═════ Listed records ═════

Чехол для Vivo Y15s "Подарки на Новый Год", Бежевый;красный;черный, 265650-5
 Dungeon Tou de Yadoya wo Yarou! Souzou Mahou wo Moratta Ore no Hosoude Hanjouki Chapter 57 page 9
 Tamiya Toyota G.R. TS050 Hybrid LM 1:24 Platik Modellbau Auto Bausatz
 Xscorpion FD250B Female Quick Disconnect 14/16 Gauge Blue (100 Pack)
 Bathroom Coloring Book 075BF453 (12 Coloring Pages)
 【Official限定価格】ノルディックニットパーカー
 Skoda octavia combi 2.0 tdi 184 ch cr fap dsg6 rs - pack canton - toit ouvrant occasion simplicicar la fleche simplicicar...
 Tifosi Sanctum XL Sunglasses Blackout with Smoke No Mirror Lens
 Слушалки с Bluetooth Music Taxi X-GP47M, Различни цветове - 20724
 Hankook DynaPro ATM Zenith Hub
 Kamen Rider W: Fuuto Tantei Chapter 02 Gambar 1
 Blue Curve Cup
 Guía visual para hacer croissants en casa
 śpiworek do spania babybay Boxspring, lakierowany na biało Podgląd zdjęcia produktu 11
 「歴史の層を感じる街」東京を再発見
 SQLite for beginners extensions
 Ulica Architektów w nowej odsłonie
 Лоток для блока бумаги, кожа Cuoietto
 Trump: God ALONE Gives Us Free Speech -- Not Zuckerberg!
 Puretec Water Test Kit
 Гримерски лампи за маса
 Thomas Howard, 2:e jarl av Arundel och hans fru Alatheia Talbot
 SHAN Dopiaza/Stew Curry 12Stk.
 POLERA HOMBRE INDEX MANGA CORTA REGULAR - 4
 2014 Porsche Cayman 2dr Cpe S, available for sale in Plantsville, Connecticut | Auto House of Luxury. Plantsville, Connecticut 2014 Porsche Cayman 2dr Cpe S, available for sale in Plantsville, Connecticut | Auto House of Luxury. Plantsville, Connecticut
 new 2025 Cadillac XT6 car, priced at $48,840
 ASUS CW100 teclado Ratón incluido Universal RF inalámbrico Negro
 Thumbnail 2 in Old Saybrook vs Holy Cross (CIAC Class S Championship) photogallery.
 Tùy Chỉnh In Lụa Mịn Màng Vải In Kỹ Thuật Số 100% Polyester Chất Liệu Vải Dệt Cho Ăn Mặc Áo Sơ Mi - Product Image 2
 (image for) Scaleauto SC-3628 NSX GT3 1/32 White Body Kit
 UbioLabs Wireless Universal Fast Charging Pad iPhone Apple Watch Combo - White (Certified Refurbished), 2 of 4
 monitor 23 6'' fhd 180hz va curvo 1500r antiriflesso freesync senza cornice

═════

Only a number is wanted here: the count of lines in the listing above holding the string "White".

## [Solved exercise]
2